On April 29, 2014, the United States Supreme Court issued a decision that eases the awarding of attorneys fees to penalize patently bad litigation behavior.
Here is how the Supremes describe the controversy in Octane Fitness v. Icon Health & Fitness in the opinion Syllabus:
The Patent Act’s fee-shifting provision authorizes district courts to award attorney’s fees to prevailing parties in “exceptional cases.” 35 U.S.C. §285. In Brooks Furniture Mfg., Inc. v. Dutailier Int’l, Inc., 393 F. 3d 1378, 1381, the Federal Circuit defined an “exceptional case” as one which either involves “material inappropriate conduct” or is both “objectively baseless” and “brought in subjective bad faith.” Brooks Furniture also requires that parties establish the “exceptional” nature of a case by “clear and convincing evidence.” Id., at 1382. Respondent ICON Health & Fitness, Inc., sued petitioner Octane Fitness, LLC, for patent infringement. The District Court granted summary judgment to Octane. Octane then moved for attorney’s fees under §285. The District Court denied the motion under the Brooks Furniture framework, finding ICON’s claim to be neither objectively baseless nor brought in subjective bad faith. The Federal Circuit affirmed.

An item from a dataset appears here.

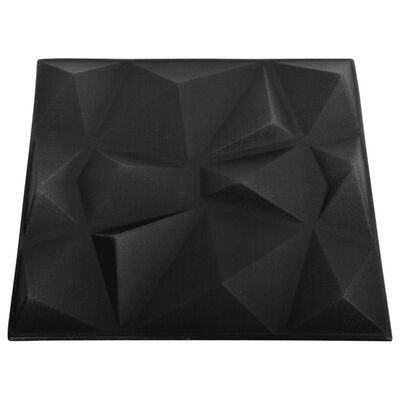 vidaXL 3D seinapaneelid, 48 tk, 50x50 cm, teemantmust, 12 m²
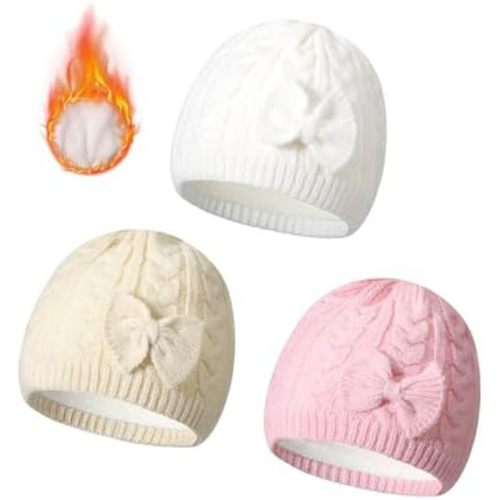 SATINIOR 3 Pieces Fleece Lined Baby Beanie with Bow, Infant Newborn Toddler Kids Winter Warm Knit Cap for Boys Girls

The Supremes held "The Federal Circuit’s formulation...overly rigid." They clarified that
a district court may award fees in the rare case in which a party’s unreasonable conduct — while not necessarily independently sanctionable — is nonetheless so “exceptional” as to justify an award of fees.
In addition, the Court rejected
the Federal Circuit’s requirement that patent litigants establish their entitlement to fees under §285 by “clear and convincing evidence."
Instead, the Supremes explained that
[s]ection 285 demands a simple discretionary inquiry; it imposes no specific evidentiary burden, much less such a high one.
This decision rebalances the power to decide what constitutes an "exceptional" case away from the Federal Circuit, restoring considerable discretion to federal district courts.